⟨

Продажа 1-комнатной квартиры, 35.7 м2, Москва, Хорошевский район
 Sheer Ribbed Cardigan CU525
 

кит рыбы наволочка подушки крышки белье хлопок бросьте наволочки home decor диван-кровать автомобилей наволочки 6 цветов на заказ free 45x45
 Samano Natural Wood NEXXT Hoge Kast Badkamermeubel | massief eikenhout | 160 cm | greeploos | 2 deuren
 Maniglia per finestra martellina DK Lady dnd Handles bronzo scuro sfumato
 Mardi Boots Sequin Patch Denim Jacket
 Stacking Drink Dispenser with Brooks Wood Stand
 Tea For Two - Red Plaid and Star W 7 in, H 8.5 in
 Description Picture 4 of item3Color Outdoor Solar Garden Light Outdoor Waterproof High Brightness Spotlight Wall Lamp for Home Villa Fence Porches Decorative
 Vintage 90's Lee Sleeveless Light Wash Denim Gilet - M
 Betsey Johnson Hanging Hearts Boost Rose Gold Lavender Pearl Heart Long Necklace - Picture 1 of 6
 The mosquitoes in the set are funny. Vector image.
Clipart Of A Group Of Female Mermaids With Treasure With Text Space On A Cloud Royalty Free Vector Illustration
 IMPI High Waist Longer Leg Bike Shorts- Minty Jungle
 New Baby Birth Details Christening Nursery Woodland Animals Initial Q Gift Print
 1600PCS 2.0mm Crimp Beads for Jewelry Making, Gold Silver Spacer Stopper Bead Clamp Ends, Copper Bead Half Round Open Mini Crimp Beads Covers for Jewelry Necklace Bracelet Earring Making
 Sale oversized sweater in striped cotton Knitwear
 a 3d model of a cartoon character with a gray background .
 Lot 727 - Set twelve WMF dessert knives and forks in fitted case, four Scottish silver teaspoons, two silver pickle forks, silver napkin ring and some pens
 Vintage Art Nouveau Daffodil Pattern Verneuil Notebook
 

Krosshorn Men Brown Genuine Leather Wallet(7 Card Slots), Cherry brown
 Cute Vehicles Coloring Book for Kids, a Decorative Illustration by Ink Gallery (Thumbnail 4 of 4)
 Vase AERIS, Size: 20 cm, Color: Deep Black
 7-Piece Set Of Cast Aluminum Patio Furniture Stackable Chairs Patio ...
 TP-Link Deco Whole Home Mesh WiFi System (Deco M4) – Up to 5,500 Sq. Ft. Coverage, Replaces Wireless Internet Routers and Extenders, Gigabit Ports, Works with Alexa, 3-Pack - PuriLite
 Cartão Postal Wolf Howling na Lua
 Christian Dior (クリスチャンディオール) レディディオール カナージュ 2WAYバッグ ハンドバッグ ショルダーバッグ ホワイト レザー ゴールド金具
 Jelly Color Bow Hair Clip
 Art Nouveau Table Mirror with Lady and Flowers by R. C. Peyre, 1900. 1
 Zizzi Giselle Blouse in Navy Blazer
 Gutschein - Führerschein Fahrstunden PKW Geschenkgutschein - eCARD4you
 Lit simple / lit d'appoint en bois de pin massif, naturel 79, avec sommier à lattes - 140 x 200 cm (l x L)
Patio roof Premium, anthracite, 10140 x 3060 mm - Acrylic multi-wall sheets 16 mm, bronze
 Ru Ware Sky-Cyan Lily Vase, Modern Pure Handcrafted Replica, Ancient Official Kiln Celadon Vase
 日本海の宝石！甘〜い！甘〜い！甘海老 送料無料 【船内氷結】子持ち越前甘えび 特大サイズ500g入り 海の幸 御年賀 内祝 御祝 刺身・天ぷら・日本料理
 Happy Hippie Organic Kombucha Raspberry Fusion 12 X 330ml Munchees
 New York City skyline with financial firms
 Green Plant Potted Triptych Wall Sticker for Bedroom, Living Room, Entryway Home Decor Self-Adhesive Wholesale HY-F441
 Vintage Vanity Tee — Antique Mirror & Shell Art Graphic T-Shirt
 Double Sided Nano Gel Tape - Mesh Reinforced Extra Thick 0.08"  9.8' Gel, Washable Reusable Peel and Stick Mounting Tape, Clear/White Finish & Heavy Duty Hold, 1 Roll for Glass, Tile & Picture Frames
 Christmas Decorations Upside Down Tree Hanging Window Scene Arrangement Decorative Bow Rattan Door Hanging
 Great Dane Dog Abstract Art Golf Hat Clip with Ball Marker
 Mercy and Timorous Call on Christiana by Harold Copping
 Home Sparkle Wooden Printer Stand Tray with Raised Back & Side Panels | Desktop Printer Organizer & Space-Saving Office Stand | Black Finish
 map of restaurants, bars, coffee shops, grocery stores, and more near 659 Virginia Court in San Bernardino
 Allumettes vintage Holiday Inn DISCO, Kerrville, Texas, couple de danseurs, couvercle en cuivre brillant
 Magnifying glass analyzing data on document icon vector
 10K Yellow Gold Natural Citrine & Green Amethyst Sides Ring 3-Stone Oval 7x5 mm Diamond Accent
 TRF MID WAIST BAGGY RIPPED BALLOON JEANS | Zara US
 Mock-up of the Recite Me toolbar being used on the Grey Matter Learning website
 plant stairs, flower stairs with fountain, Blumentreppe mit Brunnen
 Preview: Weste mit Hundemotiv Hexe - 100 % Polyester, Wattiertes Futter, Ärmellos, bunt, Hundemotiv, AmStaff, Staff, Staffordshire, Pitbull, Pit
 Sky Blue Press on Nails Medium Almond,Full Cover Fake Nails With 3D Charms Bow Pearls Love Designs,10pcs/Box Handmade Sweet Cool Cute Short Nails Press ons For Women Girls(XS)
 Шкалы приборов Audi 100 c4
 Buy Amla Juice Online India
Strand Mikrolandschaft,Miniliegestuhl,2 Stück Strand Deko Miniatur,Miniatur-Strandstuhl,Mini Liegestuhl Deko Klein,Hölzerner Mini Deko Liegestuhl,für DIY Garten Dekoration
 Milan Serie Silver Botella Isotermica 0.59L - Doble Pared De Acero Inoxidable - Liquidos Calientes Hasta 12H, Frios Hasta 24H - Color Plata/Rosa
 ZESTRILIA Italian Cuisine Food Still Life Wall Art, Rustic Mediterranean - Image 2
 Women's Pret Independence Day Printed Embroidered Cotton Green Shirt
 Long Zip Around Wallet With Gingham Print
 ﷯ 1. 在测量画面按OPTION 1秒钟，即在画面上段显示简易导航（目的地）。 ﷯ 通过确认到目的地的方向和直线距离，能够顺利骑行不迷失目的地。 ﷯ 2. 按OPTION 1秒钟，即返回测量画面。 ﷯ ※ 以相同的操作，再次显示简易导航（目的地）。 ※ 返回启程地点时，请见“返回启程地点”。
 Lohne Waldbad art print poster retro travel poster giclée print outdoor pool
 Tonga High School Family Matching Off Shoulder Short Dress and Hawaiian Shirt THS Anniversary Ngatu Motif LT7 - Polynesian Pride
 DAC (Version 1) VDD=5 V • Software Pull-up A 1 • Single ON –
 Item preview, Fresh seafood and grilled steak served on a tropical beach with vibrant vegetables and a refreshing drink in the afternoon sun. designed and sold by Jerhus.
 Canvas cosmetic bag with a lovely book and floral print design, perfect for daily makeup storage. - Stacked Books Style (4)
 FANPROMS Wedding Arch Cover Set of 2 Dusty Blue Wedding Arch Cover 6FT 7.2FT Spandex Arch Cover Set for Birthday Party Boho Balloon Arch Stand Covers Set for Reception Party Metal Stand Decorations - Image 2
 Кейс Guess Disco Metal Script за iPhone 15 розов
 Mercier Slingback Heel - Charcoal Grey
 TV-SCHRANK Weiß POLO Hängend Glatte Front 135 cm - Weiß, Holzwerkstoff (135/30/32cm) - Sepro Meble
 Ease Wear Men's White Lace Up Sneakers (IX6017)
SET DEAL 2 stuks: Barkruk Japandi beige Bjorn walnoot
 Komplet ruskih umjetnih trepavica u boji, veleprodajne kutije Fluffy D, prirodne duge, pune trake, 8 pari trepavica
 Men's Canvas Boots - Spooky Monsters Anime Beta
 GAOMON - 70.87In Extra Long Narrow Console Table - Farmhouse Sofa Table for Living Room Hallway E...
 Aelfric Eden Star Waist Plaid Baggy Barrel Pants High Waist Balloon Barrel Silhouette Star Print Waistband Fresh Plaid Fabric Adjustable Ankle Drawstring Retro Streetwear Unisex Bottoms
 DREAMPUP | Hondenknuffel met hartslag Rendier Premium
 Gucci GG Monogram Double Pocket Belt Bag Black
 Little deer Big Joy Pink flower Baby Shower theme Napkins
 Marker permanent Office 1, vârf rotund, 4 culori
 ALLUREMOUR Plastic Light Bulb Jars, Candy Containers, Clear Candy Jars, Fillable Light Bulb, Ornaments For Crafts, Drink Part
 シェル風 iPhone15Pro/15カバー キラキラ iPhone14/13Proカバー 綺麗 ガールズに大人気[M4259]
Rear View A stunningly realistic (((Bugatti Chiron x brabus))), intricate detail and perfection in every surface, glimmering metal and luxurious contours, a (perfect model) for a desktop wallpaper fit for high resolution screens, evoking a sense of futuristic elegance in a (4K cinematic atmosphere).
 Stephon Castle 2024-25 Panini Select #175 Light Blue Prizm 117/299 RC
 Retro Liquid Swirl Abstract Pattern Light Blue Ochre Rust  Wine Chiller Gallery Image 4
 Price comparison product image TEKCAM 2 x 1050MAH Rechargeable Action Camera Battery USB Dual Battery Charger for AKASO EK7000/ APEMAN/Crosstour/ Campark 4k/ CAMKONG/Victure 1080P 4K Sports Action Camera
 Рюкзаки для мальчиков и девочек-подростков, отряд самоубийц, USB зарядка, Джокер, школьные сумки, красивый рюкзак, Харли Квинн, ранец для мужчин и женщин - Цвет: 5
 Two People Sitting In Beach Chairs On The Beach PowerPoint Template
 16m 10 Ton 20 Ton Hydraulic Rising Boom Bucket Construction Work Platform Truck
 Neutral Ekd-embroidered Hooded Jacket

⟩

TRY IT
Above are the records; print exactly the lines from the line with "Рюкзаки для мальчиков" to the line with "Two People Sitting", including both, and nothing else.

RESPONSE FOR THIS EXERCISE
 Рюкзаки для мальчиков и девочек-подростков, отряд самоубийц, USB зарядка, Джокер, школьные сумки, красивый рюкзак, Харли Квинн, ранец для мужчин и женщин - Цвет: 5
 Two People Sitting In Beach Chairs On The Beach PowerPoint Template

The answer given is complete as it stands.